__About this exercise__
Reproduce the data below exactly as written. Pictures do not belong in the copy.

__Supplied data__
*-*-*
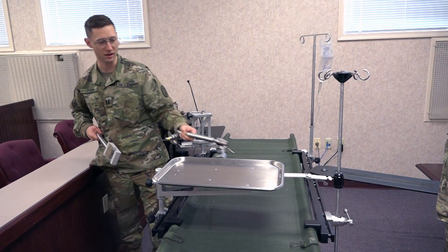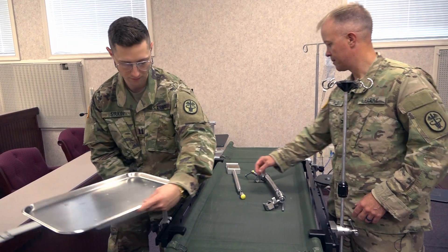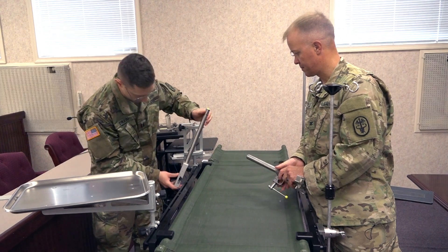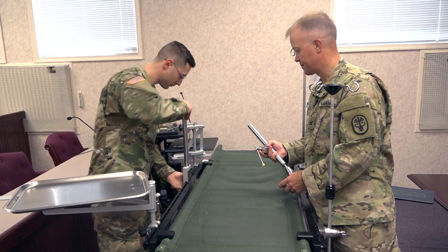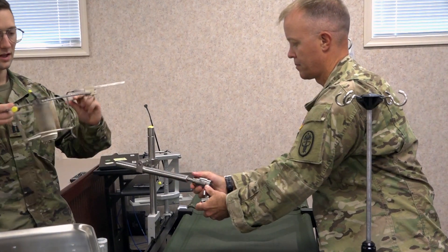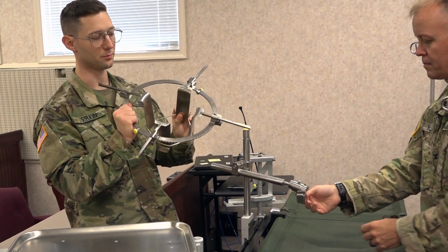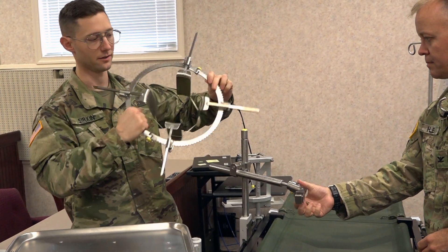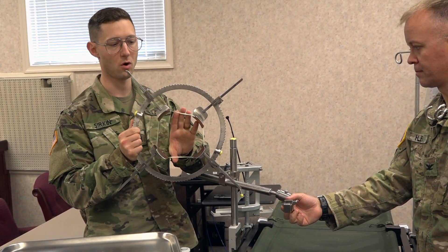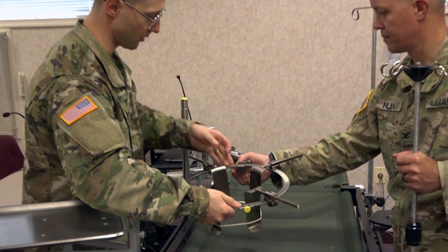Here we have the pieces for a Bookwalter self-retaining retractor. This attaches to the rail here — that's an arm for the retractor. This is an already assembled Bookwalter retractor with the retractor blades being held in place by a rubber band. If this was in a patient, it's the abdominal wall or the cavity wall of the patient that would be holding these retractors apart — so that's just simulating that right now.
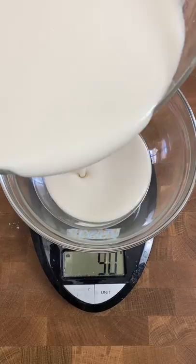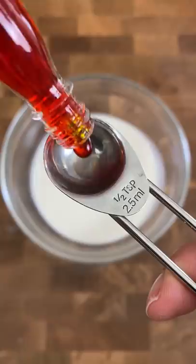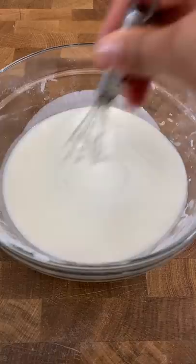This is based off of Sapin Sapin, which is a Filipino sticky rice dessert that's easy to recognize because it has three layers with different flavors and colors. The base is typically made with glutinous rice flour and coconut milk, and the glutinous rice is what makes it chewy, kind of like mochi.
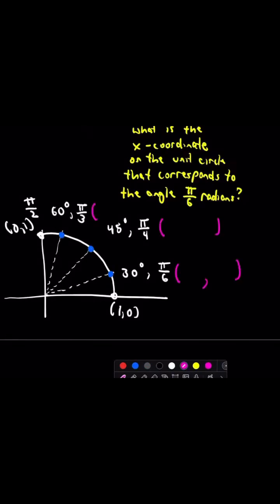So we're trying to figure out all those points. Here's a little pattern to memorize them. All the denominators are 2s — 2s, 2s, 2s, 2s. That's easy enough.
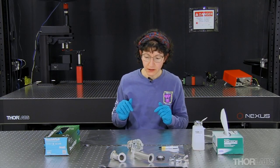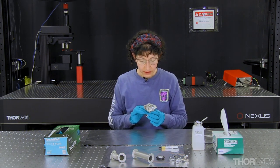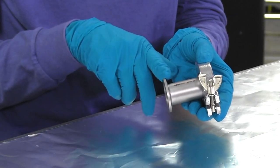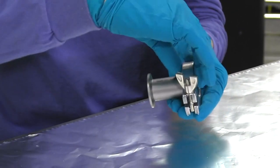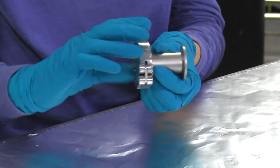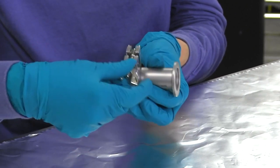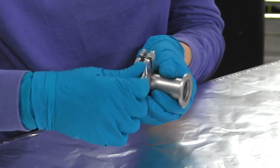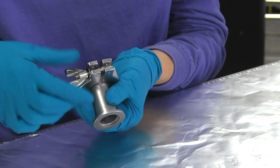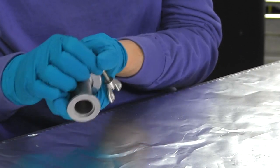Now I'm going to begin working with one of the KF flanged vacuum assemblies. This is a pipe — this is one flange, and the other flange is hidden underneath this clamp. This is a blank; it's being used as an end cap to seal off this end of the pipe. I'm going to release the clamp by unscrewing this wing nut. When I've unscrewed it enough, I can rotate this part out and pry the two parts of the clamp open.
*-*-*
__Exercise output__
Here we have the pieces for a Bookwalter self-retaining retractor. This attaches to the rail here — that's an arm for the retractor. This is an already assembled Bookwalter retractor with the retractor blades being held in place by a rubber band. If this was in a patient, it's the abdominal wall or the cavity wall of the patient that would be holding these retractors apart — so that's just simulating that right now.
This is based off of Sapin Sapin, which is a Filipino sticky rice dessert that's easy to recognize because it has three layers with different flavors and colors. The base is typically made with glutinous rice flour and coconut milk, and the glutinous rice is what makes it chewy, kind of like mochi.
So we're trying to figure out all those points. Here's a little pattern to memorize them. All the denominators are 2s — 2s, 2s, 2s, 2s. That's easy enough.
Now I'm going to begin working with one of the KF flanged vacuum assemblies. This is a pipe — this is one flange, and the other flange is hidden underneath this clamp. This is a blank; it's being used as an end cap to seal off this end of the pipe. I'm going to release the clamp by unscrewing this wing nut. When I've unscrewed it enough, I can rotate this part out and pry the two parts of the clamp open.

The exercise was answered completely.